■ **WHAT YOU ARE ASKED TO DO**: Don't include any picture when you restate the data word for word.

■ **EXERCISE DATA**:

"""

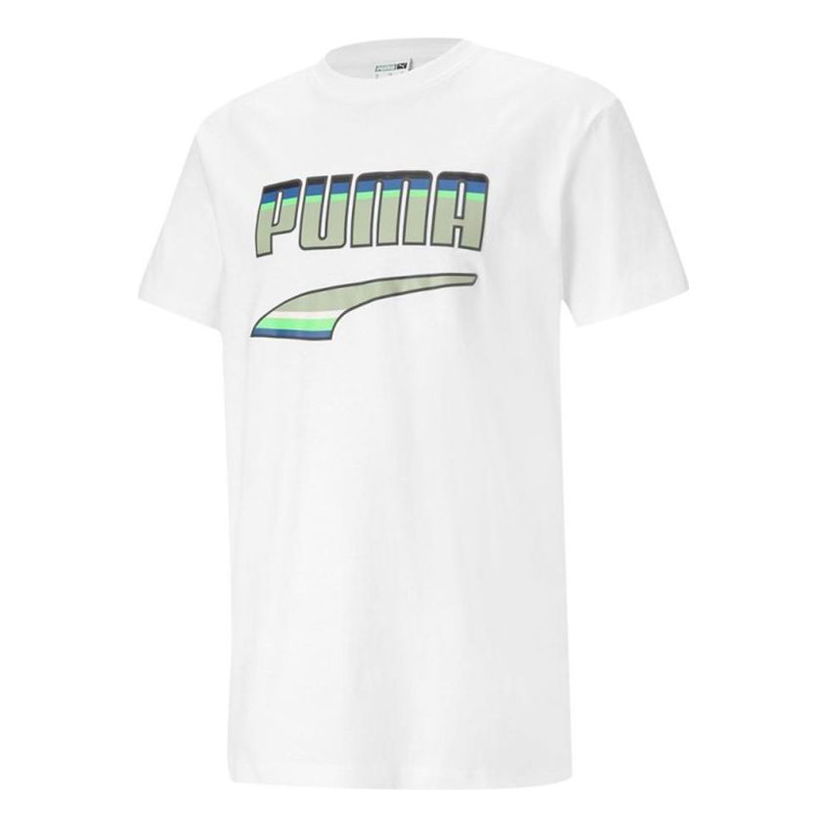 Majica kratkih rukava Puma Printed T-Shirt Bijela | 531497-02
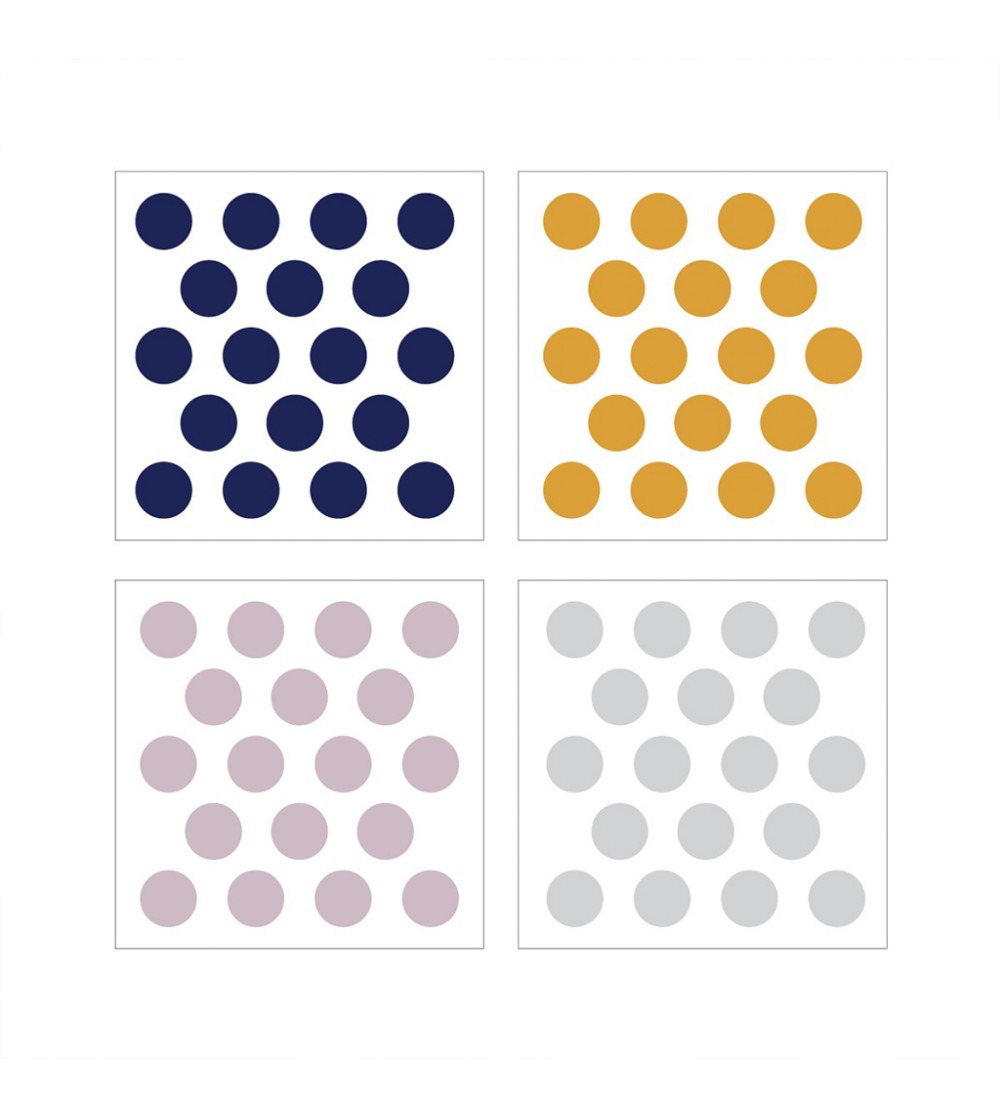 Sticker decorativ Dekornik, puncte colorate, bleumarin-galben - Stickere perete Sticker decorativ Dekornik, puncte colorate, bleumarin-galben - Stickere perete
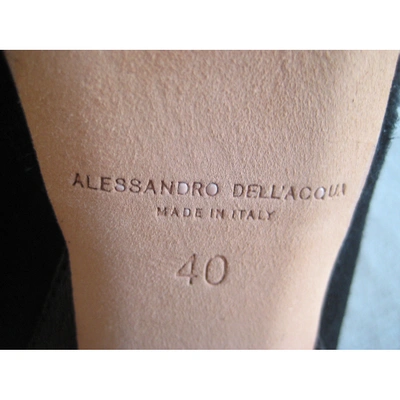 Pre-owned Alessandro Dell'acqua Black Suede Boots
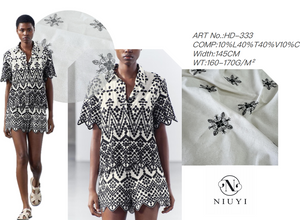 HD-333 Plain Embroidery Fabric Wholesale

"""

■ **REPLY TO THE TASK**:
 Majica kratkih rukava Puma Printed T-Shirt Bijela | 531497-02
 Sticker decorativ Dekornik, puncte colorate, bleumarin-galben - Stickere perete Sticker decorativ Dekornik, puncte colorate, bleumarin-galben - Stickere perete
 Pre-owned Alessandro Dell'acqua Black Suede Boots
 HD-333 Plain Embroidery Fabric Wholesale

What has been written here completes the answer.